The data used in this illustrative analysis were from the Early Childhood Longitudinal Study (ECLS), an ongoing study by the U.S. Department of Education, National Center for Education Statistics that focuses on children’s early school experiences beginning with kindergarten (Tourangeau, Nord, Lê, Pollack, & Atkins-Burnett, 2006). The study follows a nationally representative sample of children from kindergarten through fifth grade. The sample reflected all children from various racial and language background. Sampling for the ECLS was based on a dual frame, multi-stage sampling design, with 100 primary sampling units (PSU). For simplicity, only the data collected during 2004 from the fifth graders was in this paper. The sample size in the current analysis was 1,342 children, which included 650 males and 692 females. Among the total analysis sample of children, 797 were White, 126 were Black, 230 were Hispanic, 141 were Asian, and 48 were multiracial.
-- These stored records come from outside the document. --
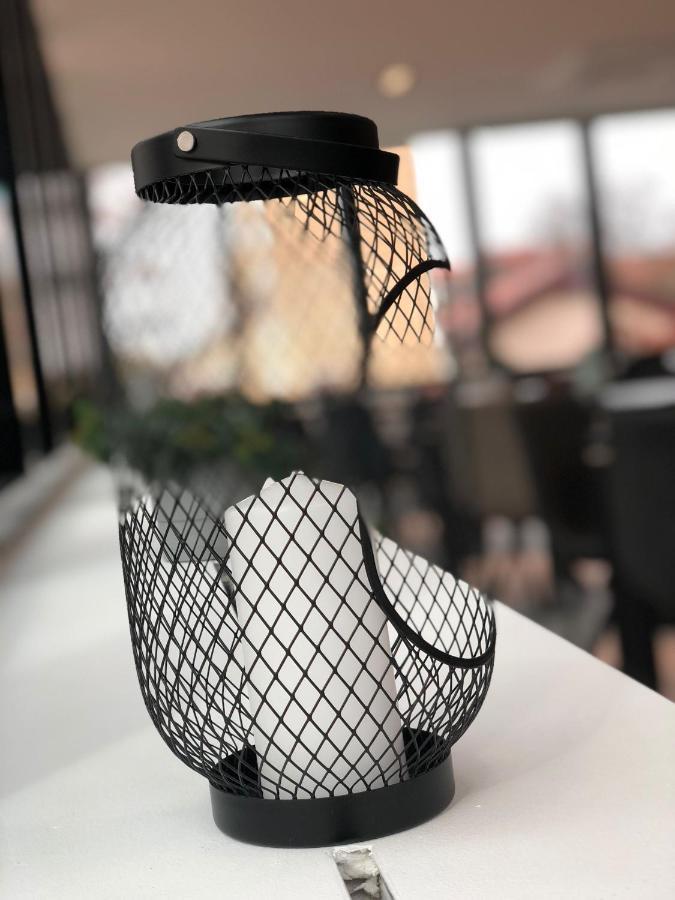 לנדבה Hotel Cubis מראה חיצוני תמונה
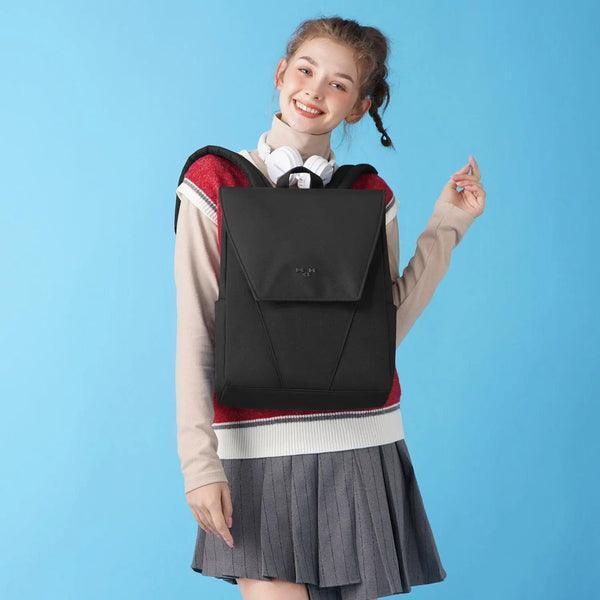Black minimalist backpack for students, stylish school bag with sleek design and comfortable straps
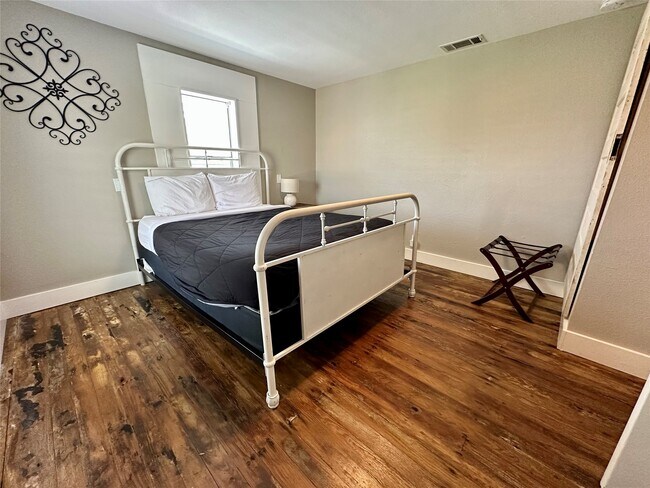 Building Photo - 4003 Panola Dr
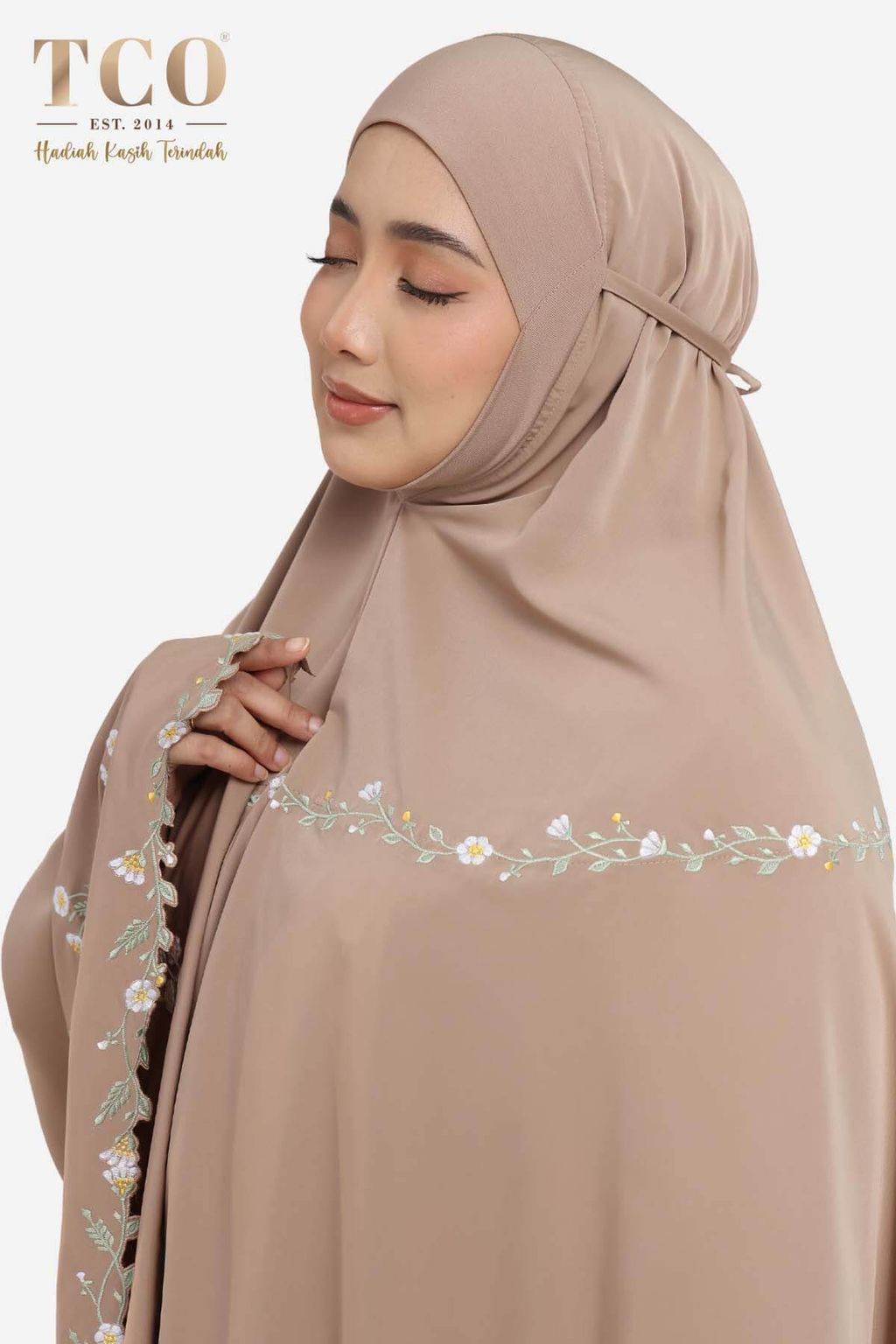 02_Telekung TCO Daisy Luxe Coco Mocha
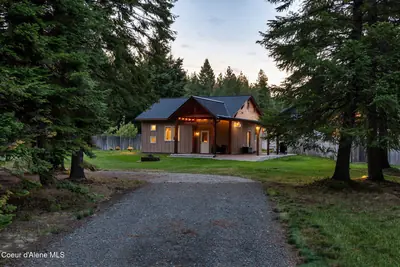 274 Latigo Lane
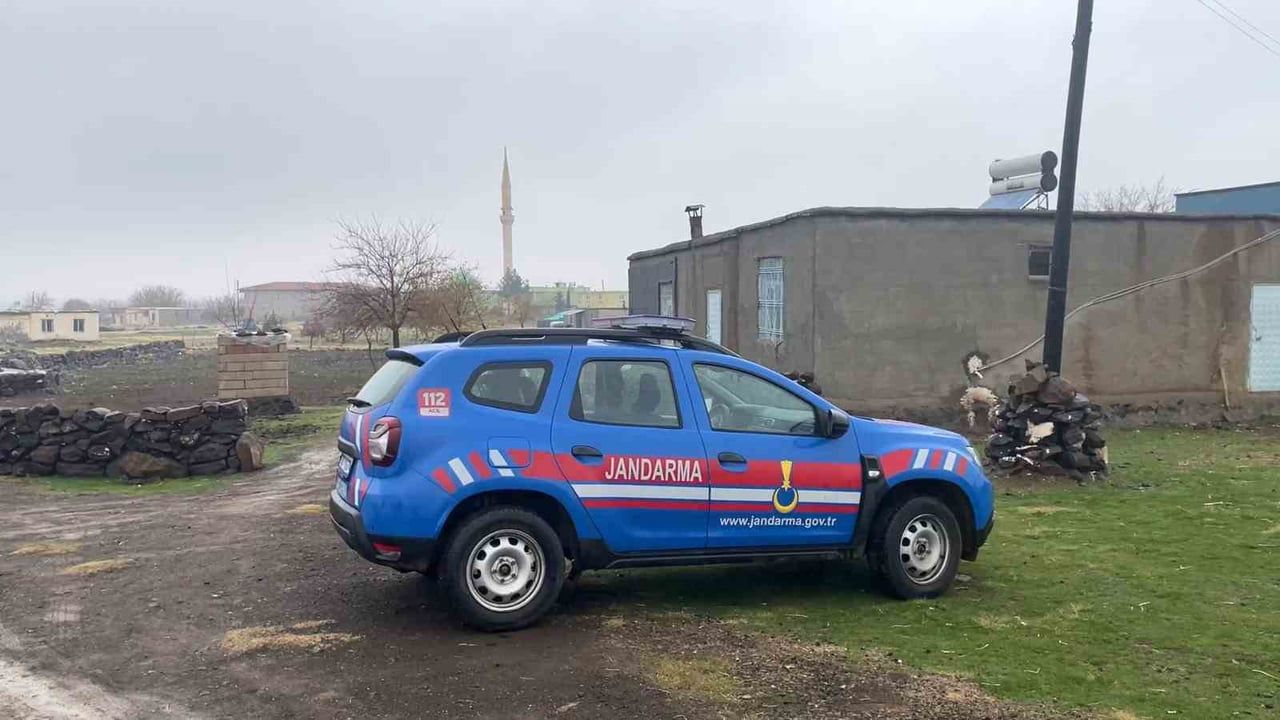 Şanlıurfa Siverek'te tartışma sonrası eş ve oğlu öldü; şüpheli gözaltında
            Measures. In the present analysis, four measures were used as independent variables. They were:
            Self-Description Questionnaire—Math Self-Concept (Marsh, 1990). This measure assesses how children think and feel about themselves in terms of math competence. This scale includes eight items on math grades, the difficulty of math work, and interest in and enjoyment of math, with the score scale ranged from 1 to 4. The analysis used the average score of each participant.
            Academic Rating Scale-Math. This is the teacher’s rating of children’s academic performance in math. Teachers were asked to rate each child’s proficiency in the following areas: number concepts, measurement, operation, geometry, math strategies, and beginning algebraic thinking, with the score scale ranged from 1 to 5. The analysis used the average score of each participant.
            Social Rating Scale-Approach to Learning. This is the teacher’s judgment of children’s social competence. The approach to learning scale measures behaviors that affect the ease with which children can benefit from the learning environment. It includes six items that rate the child’s attentiveness, task persistence, eagerness to learn, learning independence, flexibility, organization, and following classroom rules, with the score scale ranged from 1 to 4. The analysis used the average score of each participant.
            Social Rating Scale-Self-Control.  It has four items that rate the child’s ability to control behavior by respecting the property rights of others, controlling temper, accepting peer ideas for group activities, and responding appropriately to peer pressure, with the score scale ranged from 1 to 4. The analysis used the average score of each participant.
            In all above measures, the scores were coded positively, with high scores indicating higher self-concept, and higher teacher rating on academic and social competence. The reported reliability for these independent variables ranged from .79 to .92 (Tourangeau et al., 2006).
            The dependent variable used was a composite math proficiency probability score that was computed as an average across nine math skill levels: count/number, relative size, ordinality/ sequence, add/subtract, multiple/divide, place value, rate and measurement, fractions, and area/volume. The probability scores were from 0.00 to 1.00, with a larger probability score indicating an overall higher achievement across these math skill levels.
            In addition, children’s gender and race were included as covariates. They were used to increase the classification accuracy of individuals into each latent class. In this chapter, children’s race was represented in five categories: White, Black, Hispanic, Asian (which includes Pacific Islanders and American Indians), and multiracial.